Set down the whole listing below exactly, without pictures.

_DATA BELOW_
· · · · · · ·

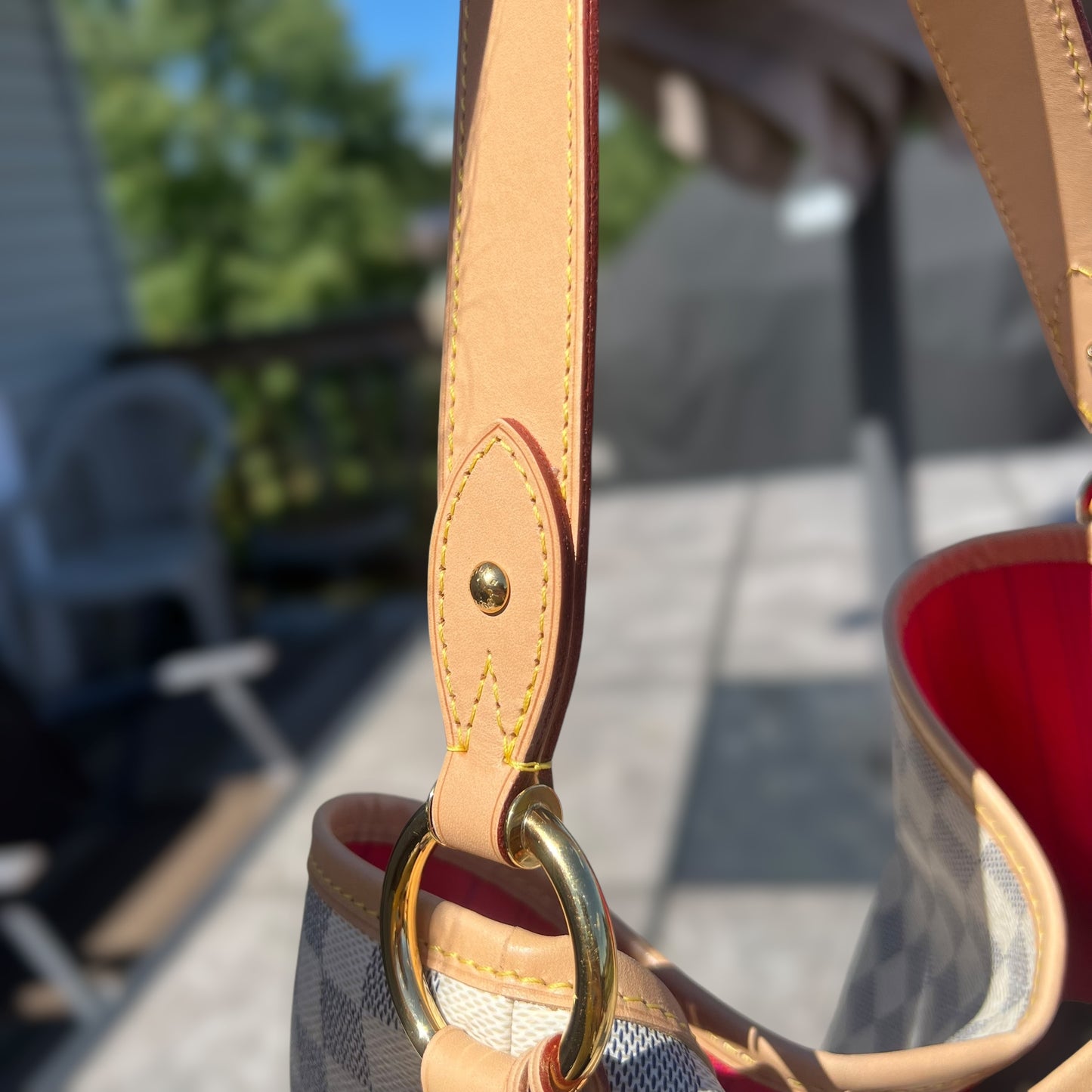 Damier Azur Delightful MM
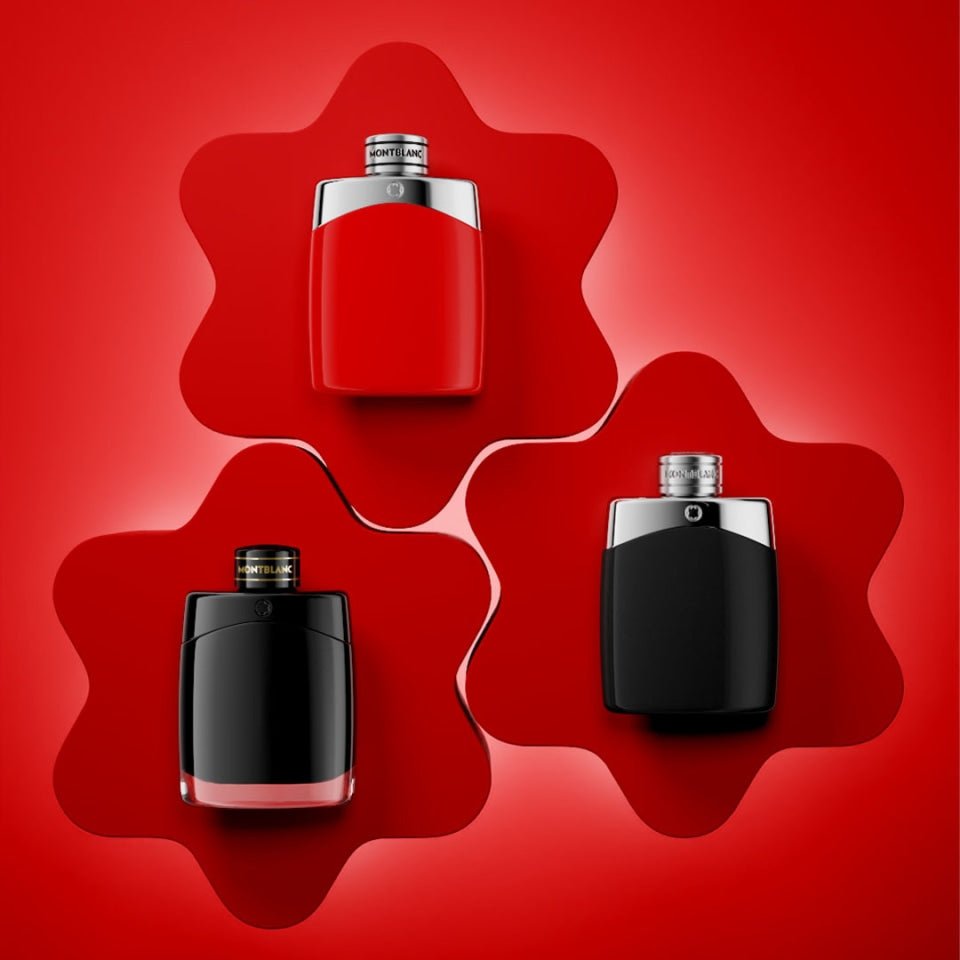 Mont Blanc Legend Red EDP Travel & Shower Set | My Perfume Shop Australia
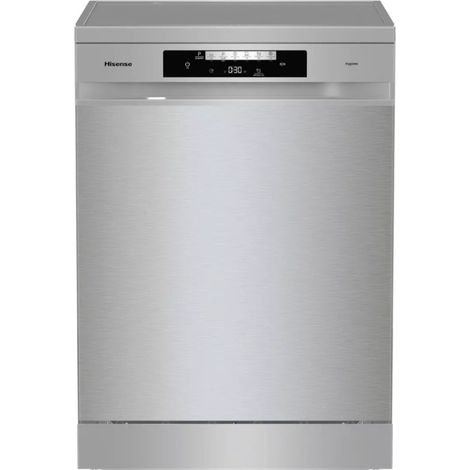 Lavastoviglie da 60 cm, 14 coperti, 46 dB, acciaio inox - HS642D90X - Hisense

· · · · · · ·

_COMPLETED EXERCISE_
 Damier Azur Delightful MM
 Mont Blanc Legend Red EDP Travel & Shower Set | My Perfume Shop Australia
 Lavastoviglie da 60 cm, 14 coperti, 46 dB, acciaio inox - HS642D90X - Hisense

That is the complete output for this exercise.